Why, how, and for whom are the global oceans becoming an engine of climate research, action, and politics? A comparison of the sociotechnical imaginaries that animate research into ocean-based negative emissions technologies in the US, Germany, and Australia reveals a distinctive style of reasoning.

Long abstract:

Why, how, and for whom are the global oceans becoming an engine of climate research, action, and politics? What exactly is an ocean-based “negative emissions technology” (NET) and what can it tell us about changing uses and understandings of marine life and worlds?

Marine geoengineering research claims to prime its promises with geopolitical context if not restraint through concepts like “transboundary effects,” “systemic risk,” or “moral hazard.” Yet highlighting “knowledge gaps”—between, for example, research and deployment or measurement and regulation—may not so much interrogate as prepare the reasonableness of engineering ocean life and worlds.

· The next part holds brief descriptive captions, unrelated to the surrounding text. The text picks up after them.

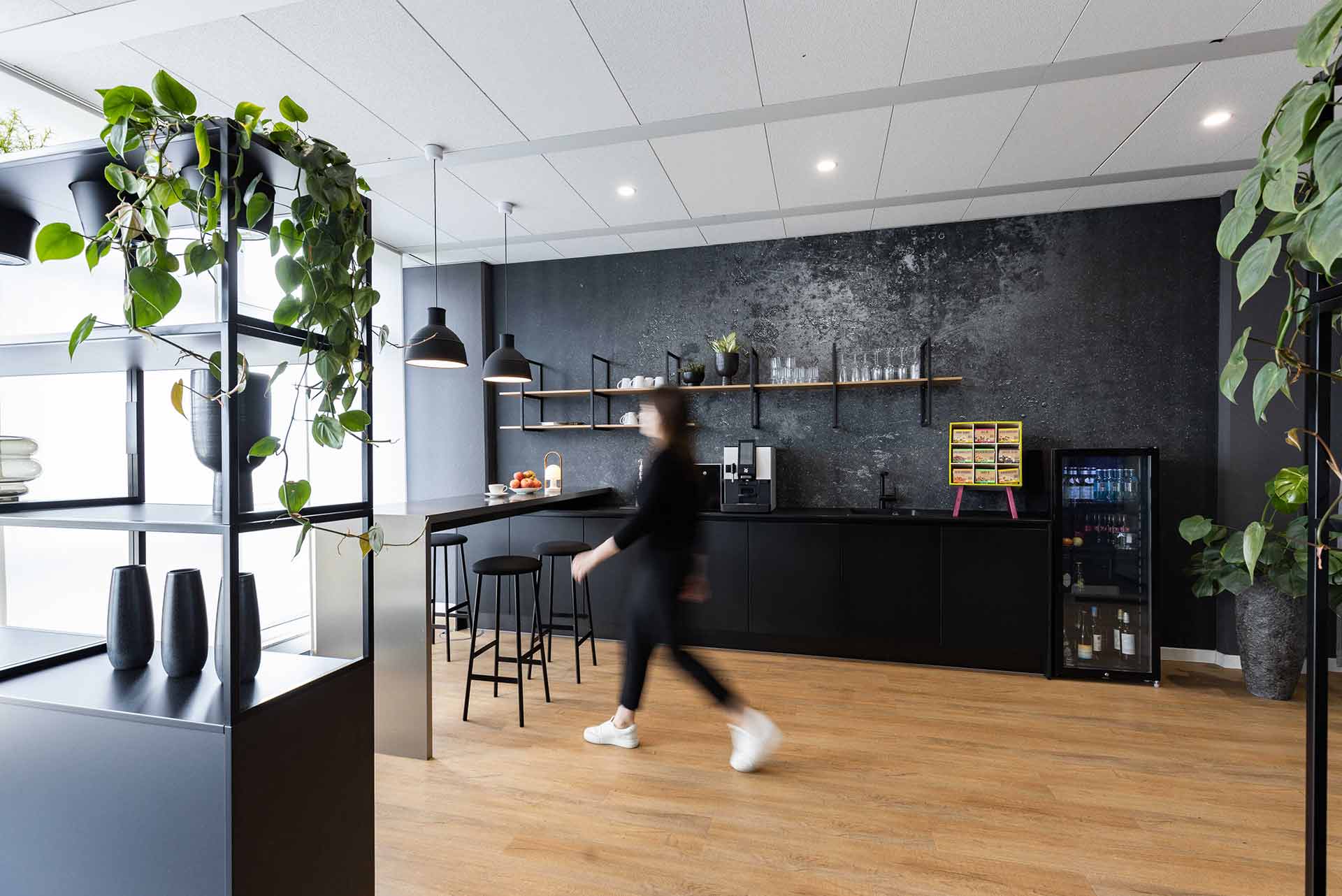 Moderne Büro-Kaffeebar mit dunkler Einrichtung und Pflanzenakzenten.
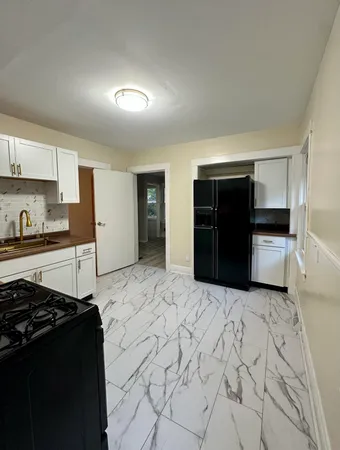 a kitchen with granite countertop a refrigerator and a stove top oven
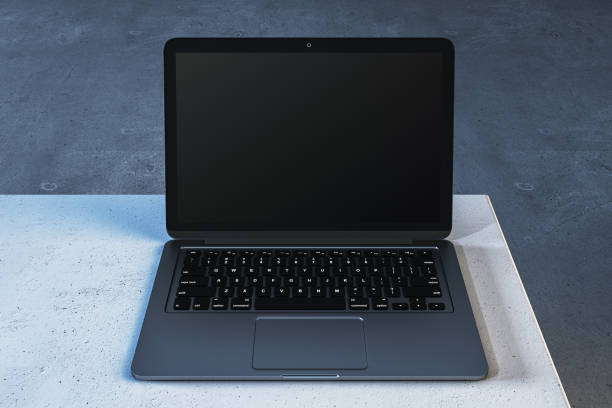 istock Modern laptop with blank screen on a concrete table. 3D Rendering 2165471363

Can a broader view of knowing—one that emphasizes the critical potential of STS scholarship to detect the drives of capital, knowledge/power, and technofuturism—hold open the straightforwardly pressing question of why transforming the oceans into a planetary-scale carbon “net” can pass for a seemingly “normal” thing to want to do?

To address these questions, I venture some interpretations of the current trajectory of research and development into ocean-based NETs in the US, Germany, and Australia. First, I test the usefulness of sociotechnical imaginaries for showing how these different geographic but also politico-moral contexts of inquiry offer fertile ground for the same proposed marine transformation. I then analyze this transformation as “net thinking,” a style of reasoning that connects negative emissions technologies with net-zero forecasts in an aspirationally total description of global environmental change. I close with some suggestions for how to get out from under the net by engaging the writings of Iris Murdoch.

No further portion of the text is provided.